Engineering consultancy Cundall set out to make its new London office at One Carter Lane a first-class green building fit-out that would showcase the possibilities of cutting edge sustainable design. This fit-out is unique in being the first building in Europe to register for the WELL Building Standard certification – arguably the highest international recognition of buildings that put the health and wellbeing of the occupants at the heart of design.
Nottingham Trent University
Nottingham’s impressive Pavilion building was designed to be as energy efficient as possible, using Passivhaus principles that the University is adopting across all of its projects. This resulted in the building receiving an Energy Performance Certificate (EPC) carbon-negative rating of A+. Built with great insulation properties, the Pavilion retains heat to keep it warm in the winter and stays cool in the summer, also including a huge 96kW array of solar panels on its roof.

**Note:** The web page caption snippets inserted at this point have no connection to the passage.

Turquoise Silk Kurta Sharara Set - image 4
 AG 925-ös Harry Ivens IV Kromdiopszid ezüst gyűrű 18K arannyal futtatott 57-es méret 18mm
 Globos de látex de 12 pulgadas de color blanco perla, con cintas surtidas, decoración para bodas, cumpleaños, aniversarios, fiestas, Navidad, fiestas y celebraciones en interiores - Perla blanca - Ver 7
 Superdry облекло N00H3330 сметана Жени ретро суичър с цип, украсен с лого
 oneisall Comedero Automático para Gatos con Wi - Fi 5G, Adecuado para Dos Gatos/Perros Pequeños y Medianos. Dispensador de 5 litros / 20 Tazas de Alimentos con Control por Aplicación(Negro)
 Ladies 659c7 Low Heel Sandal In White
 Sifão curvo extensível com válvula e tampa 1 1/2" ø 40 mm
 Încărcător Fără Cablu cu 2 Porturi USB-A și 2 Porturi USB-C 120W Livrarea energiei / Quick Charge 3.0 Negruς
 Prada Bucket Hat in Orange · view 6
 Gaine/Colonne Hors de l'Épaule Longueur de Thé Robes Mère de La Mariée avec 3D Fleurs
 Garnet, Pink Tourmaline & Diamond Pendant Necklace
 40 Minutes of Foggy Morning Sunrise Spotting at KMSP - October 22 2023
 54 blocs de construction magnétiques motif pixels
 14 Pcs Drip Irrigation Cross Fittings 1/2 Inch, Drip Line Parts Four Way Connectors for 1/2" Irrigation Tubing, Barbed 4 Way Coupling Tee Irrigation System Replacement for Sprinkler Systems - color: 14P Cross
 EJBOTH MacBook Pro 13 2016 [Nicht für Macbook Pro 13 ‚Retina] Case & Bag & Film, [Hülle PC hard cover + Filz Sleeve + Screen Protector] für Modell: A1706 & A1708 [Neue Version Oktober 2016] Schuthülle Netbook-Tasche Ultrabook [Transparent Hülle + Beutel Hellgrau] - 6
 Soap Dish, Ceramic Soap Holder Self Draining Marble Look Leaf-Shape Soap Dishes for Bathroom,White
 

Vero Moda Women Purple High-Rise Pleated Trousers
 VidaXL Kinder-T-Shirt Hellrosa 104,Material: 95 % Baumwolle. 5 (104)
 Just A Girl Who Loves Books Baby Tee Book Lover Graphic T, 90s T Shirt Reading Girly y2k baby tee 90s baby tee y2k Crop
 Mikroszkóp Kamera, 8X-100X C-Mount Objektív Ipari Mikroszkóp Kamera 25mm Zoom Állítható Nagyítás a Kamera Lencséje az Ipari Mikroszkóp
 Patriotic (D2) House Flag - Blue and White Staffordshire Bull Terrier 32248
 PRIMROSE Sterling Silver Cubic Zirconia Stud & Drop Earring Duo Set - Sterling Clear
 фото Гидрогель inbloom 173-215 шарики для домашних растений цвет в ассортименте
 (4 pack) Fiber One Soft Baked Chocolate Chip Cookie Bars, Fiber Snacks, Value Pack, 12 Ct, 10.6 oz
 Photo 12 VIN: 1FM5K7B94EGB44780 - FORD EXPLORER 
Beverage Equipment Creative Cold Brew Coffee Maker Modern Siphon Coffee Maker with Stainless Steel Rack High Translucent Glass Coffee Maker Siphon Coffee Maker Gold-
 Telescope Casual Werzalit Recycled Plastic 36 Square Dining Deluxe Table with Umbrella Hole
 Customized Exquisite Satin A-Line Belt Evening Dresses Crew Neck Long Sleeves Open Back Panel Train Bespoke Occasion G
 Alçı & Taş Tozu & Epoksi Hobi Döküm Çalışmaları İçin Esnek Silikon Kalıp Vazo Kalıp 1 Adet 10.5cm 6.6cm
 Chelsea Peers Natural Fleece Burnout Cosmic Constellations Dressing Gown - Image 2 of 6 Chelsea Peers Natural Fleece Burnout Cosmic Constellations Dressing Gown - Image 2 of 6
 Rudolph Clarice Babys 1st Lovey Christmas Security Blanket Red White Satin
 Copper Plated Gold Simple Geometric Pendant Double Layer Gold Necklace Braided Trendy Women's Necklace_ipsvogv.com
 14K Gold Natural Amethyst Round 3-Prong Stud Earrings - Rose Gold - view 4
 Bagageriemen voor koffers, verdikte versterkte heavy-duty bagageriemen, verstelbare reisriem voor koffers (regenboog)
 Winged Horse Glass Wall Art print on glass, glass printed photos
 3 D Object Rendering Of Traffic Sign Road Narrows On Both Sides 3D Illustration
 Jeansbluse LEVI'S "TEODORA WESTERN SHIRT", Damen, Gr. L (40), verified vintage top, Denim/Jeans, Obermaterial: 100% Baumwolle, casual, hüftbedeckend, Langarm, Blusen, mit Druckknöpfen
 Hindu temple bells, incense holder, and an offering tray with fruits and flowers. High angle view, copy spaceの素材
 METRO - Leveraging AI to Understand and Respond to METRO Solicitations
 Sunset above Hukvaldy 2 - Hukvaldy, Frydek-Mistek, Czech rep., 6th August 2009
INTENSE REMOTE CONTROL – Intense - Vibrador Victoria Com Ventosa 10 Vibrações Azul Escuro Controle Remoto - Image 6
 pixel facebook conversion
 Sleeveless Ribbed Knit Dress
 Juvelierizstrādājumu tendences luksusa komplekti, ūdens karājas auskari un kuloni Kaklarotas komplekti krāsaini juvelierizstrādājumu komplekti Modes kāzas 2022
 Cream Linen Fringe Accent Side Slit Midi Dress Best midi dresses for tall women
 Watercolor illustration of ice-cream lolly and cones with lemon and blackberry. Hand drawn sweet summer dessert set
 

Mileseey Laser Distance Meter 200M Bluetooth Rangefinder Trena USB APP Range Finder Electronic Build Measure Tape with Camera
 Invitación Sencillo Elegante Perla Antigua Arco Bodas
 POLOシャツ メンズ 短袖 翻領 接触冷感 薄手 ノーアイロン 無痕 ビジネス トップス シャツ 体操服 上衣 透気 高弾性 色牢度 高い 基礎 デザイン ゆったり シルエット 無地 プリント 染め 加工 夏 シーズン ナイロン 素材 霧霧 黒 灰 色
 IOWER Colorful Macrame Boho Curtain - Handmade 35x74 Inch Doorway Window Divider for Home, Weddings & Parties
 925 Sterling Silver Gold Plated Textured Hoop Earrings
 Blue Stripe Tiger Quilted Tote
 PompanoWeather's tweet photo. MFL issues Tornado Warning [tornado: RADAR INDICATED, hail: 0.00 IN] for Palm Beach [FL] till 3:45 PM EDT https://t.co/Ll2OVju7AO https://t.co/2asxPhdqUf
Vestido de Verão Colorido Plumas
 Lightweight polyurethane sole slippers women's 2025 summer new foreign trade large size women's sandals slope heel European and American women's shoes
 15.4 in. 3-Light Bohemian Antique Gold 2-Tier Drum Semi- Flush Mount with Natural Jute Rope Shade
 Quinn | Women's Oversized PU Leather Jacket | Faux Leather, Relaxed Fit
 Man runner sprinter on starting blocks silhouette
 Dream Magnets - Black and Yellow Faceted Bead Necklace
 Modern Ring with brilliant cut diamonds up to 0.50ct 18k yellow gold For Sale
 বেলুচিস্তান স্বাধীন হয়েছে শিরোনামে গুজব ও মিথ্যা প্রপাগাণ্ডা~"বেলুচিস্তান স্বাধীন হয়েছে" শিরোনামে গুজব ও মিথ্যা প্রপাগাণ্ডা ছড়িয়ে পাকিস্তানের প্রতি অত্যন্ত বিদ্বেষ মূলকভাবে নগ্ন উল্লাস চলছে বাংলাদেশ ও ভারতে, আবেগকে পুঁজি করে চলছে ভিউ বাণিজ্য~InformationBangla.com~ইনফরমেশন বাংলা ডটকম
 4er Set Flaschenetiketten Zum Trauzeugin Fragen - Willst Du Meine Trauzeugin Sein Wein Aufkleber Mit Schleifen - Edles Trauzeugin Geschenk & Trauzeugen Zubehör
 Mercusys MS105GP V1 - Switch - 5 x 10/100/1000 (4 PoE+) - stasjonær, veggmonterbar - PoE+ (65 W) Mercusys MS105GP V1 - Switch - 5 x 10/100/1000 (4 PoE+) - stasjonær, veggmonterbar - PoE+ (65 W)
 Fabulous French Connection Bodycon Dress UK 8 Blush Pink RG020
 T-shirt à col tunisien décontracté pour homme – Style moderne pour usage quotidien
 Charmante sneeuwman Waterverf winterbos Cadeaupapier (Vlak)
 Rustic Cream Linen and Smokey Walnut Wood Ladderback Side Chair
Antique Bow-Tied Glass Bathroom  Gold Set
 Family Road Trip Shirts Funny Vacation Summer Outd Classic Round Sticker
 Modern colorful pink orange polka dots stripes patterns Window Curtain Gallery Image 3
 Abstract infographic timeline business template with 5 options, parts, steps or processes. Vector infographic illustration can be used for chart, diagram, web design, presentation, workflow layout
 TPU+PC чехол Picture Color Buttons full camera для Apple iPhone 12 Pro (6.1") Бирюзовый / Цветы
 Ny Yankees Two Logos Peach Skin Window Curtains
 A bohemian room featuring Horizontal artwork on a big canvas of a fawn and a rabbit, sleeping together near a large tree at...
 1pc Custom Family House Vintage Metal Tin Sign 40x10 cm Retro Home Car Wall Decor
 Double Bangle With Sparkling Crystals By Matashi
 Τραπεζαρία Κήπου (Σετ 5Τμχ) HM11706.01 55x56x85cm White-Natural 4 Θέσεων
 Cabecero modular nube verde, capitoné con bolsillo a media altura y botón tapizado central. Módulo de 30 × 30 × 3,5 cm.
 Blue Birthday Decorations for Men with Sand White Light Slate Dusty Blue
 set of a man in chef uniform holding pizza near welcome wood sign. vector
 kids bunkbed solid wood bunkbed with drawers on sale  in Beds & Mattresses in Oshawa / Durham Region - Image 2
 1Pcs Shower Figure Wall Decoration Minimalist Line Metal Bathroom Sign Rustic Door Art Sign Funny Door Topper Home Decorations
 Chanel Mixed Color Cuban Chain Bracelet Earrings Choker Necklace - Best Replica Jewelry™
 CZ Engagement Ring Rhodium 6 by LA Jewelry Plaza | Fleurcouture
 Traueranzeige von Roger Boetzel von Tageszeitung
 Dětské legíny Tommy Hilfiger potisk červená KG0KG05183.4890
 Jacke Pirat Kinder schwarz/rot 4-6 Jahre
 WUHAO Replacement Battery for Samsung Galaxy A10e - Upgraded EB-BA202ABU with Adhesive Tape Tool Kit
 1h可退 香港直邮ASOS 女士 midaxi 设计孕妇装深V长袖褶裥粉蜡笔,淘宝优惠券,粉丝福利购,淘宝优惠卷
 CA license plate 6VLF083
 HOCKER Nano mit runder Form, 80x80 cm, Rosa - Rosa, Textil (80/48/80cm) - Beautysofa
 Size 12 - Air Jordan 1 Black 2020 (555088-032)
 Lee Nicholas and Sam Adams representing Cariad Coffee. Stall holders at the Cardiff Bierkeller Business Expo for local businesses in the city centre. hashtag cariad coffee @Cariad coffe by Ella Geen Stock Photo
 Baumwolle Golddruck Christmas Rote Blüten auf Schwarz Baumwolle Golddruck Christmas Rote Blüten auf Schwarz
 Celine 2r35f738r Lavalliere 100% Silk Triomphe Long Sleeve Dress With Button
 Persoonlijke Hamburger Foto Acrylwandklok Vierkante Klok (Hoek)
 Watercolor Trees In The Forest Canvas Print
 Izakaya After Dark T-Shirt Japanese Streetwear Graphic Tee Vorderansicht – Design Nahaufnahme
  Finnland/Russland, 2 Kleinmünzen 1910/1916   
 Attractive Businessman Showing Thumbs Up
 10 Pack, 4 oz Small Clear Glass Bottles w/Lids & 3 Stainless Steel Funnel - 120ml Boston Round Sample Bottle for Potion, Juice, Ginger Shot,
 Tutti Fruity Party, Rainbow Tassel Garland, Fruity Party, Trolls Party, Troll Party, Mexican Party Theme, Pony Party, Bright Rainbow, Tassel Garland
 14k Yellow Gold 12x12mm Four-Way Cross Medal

Fraser Brown MacKenna Architects
London-based Frazer Brown recently completed a £29m refurbishment of the Cockcroft Building at the University of Brighton – one of the largest academic retrofit projects in the UK. Unlocking the hidden value of the existing 10,500m² building, its environmental potential was significantly enhanced by Frazer Brown with the latest green technology. Stand outs include an aquifer thermal energy store which led to a 57% reduction in energy demand; 59% reduction in C02 emissions; and fuel savings of £82,000 a year.
Built for the Saudi Basic Industries Corporation (SABIC), the ‘Home of Innovation’ facility serves as a green beacon for what can be achieved in one of the world’s harshest climates. SABIC’s commitment to sustainable building performance resulted in energy and water savings of at least 40%. The construction diverted more than 90% of construction waste away from landfill and used a significant percentage of recycled sustainable materials in a variety of construction applications.
UK Energy Partners
Chalgrove Primary School in Greater London needed a new Schoolhaus for their ‘bulge’ Reception class. UK Energy Partners dually delivered what has become an exemplar for best practice in sustainability and low-carbon building design within the education sector. The Schoolhaus is the UK’s most energy efficient school building, with an EPC rating of A+ (-83), and zero running costs. Lighting, heating, and cooling systems are all powered by the school’s roof-mounted solar panels.